FİKİRLERİMİZ YANIMIZDA
Örneğin yolsuzluktan, hırsızlıktan, rüşvetten hapiste olsaydık, çaldığımız malları beraberimizde hapse getiremezdik. Katil olsaydık, cinayet silahını yanımızda hapse getiremezdik. Oysa bizim suç olarak görülen fikirlerimiz, şu anda yanımızda kafamızın içindedir. Aramalarda bulunamıyor, x-ray cihazından geçtiğimizde sinyal vermiyor. Zaten suç unsuru olsalardı, içeri getiremezdik. Çünkü saydığım gibi, suç unsurları cezaevlerine getirilemiyor.
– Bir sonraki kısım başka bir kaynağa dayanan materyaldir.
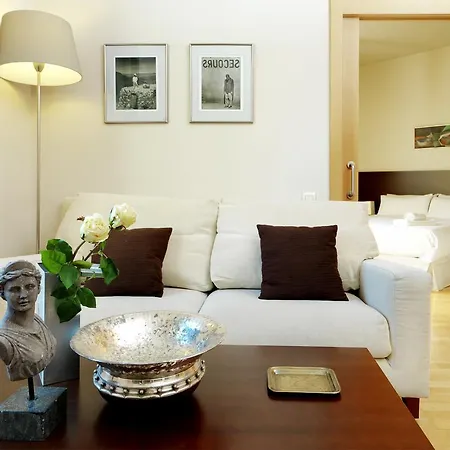 Fewdays Barcelona Apartments Room photo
Fikirlerimizi, ilkelerimizi kimse bizden alamadı, bundan sonra da kimse alamayacak. Bu kararlılığımızı sağlayan en temel nedenlerden biri de dünyanın dört bir yanındaki halkımızın, sürekli artan kararlı desteğidir. Bugüne kadar halka, halkın değerlerine, mücadelesine uygun şekilde hareket etmeye çalıştık, bundan sonra da aynı şekilde olacak.
MÜTALAAYI REDDEDİYORUM
Mütalaayı bu gerekçelerle reddediyor, kabul etmiyorum. Tüm rehine arkadaşlarım açısından tutukluluk hali ağır bir ihlale dönüşmüşken, heyetinizin savunma hakkımıza bir iki günlük sınırlama getirmesini de kabul etmiyorum. Savunma sırası gelen ve hazır olan arkadaşlarımızın savunmaları bittikten sonra, en sonda savunma yapacağım. Tüm arkadaşlarımın tahliyesine karar verilmesini talep ediyor, herkese bir kez daha selamlarımı ve sevgilerimi iletiyorum.”
Duruşma siyasetçilerin beyanlarıyla devam ediyor.